ほかにも、Amazonや楽天などの通販でものを買う人が増えているため、宅配ボックスなども必須の設備です。
宅配ボックスは今の時代に必須の設備です
以上のように空室を少しでも早く埋めるためには提供する部屋を価値の高いもの・魅力的なものにしていくことが必要です。不動産経営者として、このような時代の流れに常にキャッチアップする感性は必須です。
また、積極的な設備投資やホームステージング等の演出を行っていくためにも、資金の確保、つまりキャッシュフローを意識した運用が必須となります。
空室があるのにすべてのキャッシュフローを次の物件購入の再投資資金にしてしまうのではなく、普段から一定の金額を所有物件への機能アップのための資金として残しておくことが重要です。既存物件に対する追加の投資は必ず必要になるものと認識してください。それがその物件の家賃の維持もしくは家賃のアップにつながり、結果として稼働率を向上させ、さらなる手残り資金の増加につながります。
2)営業力を上げるためのノウハウ
いい部屋を提供すれば満室になるかというと、そう簡単にはいきません。世の中のどのような商品も、同じ商品でも営業担当者や営業店によって売り上げが全然違います。不動産も、同じ部屋でも仲介会社や管理会社によって入居申し込み率が変わり、その多くが営業担当者にかかっています。優秀な営業担当者が自分の部屋を優先的に決めてくれるようにするにはどうすればいいかをお話しします。
・不動産会社へのレスポンスを早くする
今は入居者の多くがインターネットから知識を得ていて、単純に募集家賃のまま決めてくれる方ばかりではなくなってきています。すなわち、様々な条件交渉が入ります。家賃があと1割くらい安かったら、礼金を無くしてくれたら、といった交渉が現場では行われます。
その際に仲介会社は大家や管理会社に連絡を取り、条件交渉に応じられるかどうかを聞いてきます。その時に即答できるかどうかはとても大事です。「あとで返答します」と答えて相手を待たせている間に他の物件に申し込まれてしまいます。
このような交渉事は気持ちがホットな時に決めてしまわないと決まりません。時間的猶予はないのです。こういう時にすぐに返答してくれる大家さんの物件は営業担当者にとってもやりやすいのです。絶対に交渉に応じないとか、いつも文句ばかりいう大家さんの物件は営業担当者の中で優先順位が落ちてしまいます。
今の時代、交渉が入るのは当たり前と理解して、自分が直接回答するときはもちろんのこと、管理会社にも「どの程度の条件交渉であれば即答して良いか」を伝えておくことは大切です。

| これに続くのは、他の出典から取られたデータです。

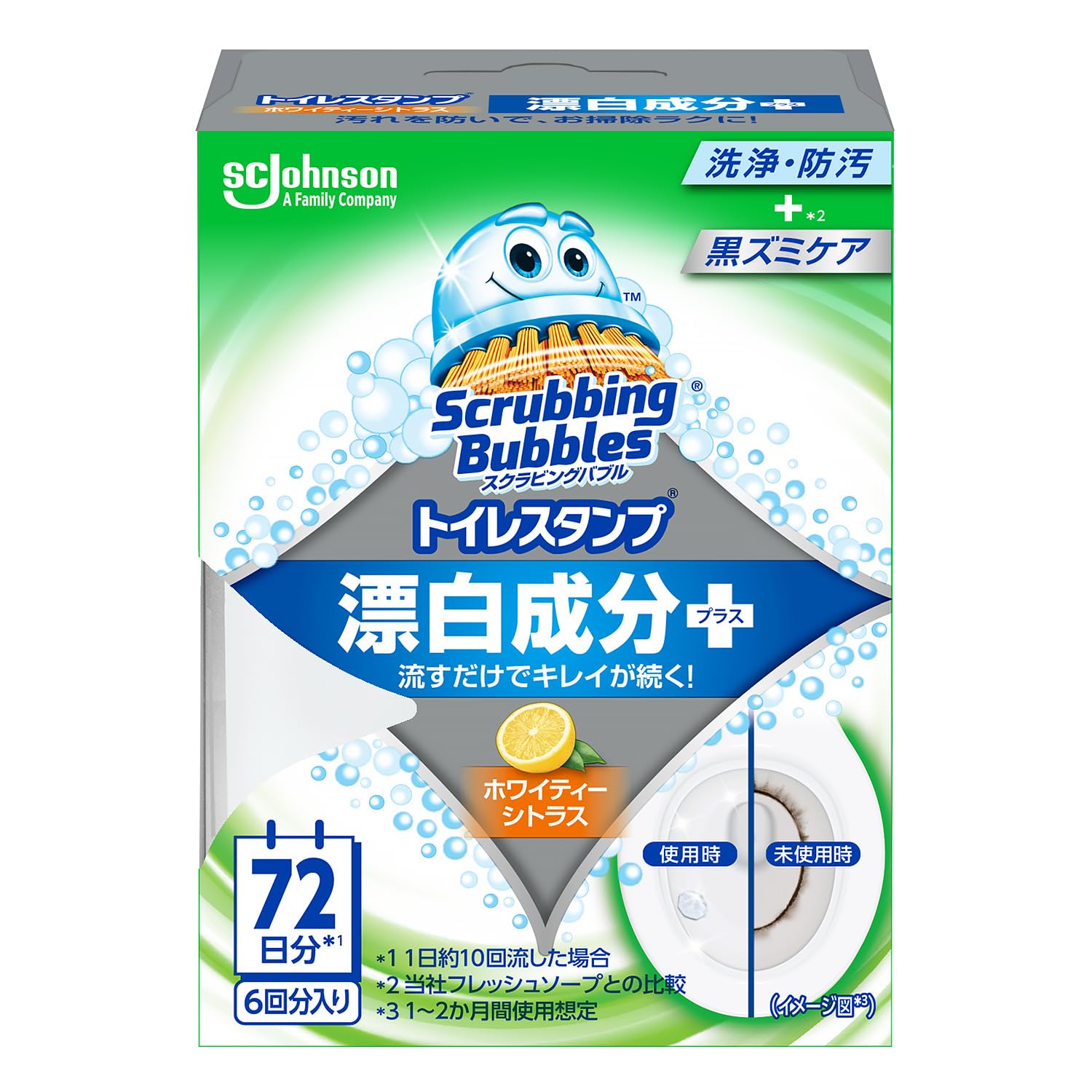 スクラビングバブル トイレ掃除 トイレスタンプ 漂白成分プラス ホワイティーシトラス 本体 トイレ洗剤 トイレ 掃除商品画像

私は内見の連絡が来たときには「多少の条件交渉には対応するので、なるだけ決める方向でよろしくお願いします」と伝えるようにしています。このような対応を続けることでこの物件の大家さんは話が早いと営業担当者にも認識され、積極的に内見者を連れてきてくれるようになります。
・募集条件を需要と供給に合わせて変更する
賃貸募集の繁忙期と言えば1月から3月ですね。この時期は多くの内見希望者がやってきます。すなわち物件に対する需要が一番高い時です。
世の中では需要と供給のバランスが崩れると価格の変動が起こります。需要が高くて供給が少ないと価格は上がり、需要が減って供給が多いと価格は下がります。同じことが不動産業界にも言えます。繁忙期は需要が高い時期ですので物件は家賃が多少高くても決まりやすく、それを過ぎると需要が大きく減って決まりにくくなってしまいます。
例えばスーパーのお惣菜、閉店間際で売れ残りが多いと最初は20%、次に30%、最後は50%引きになりますね。需要がなくなり、商品が売れ残れば廃棄することになってしまいますので、優秀な経営者ならこのような価格調整を行います。
賃貸経営も同じです。需要が大きく変わっても敷金・礼金・家賃および広告費も何も変えずにひたすら入居者を待つ方が本当に多い。需要が多いうちは強気の家賃で募集してもかまいませんが、需要の変化に応じてこのあたりを調整してしっかりと空室を埋めてしまうほうが、多少の家賃の低下があったとしても、何ヵ月も空室にするよりはずっとましだと思います。
いかがでしょうか。
いくら日本全体の空室率が上がってきているとはいえ、満室経営している大家さんはたくさんいます。その一方で、空室に苦しんでいる大家さんもたくさんいます。しかし、それには理由があります。もし自分自身の所有物件に空室が多いのだとしたら、何か問題があるはずです。きちんとした対応さえとれば、必ず満室になるはずです。今回のコラムが空室対策の参考になれば幸いです。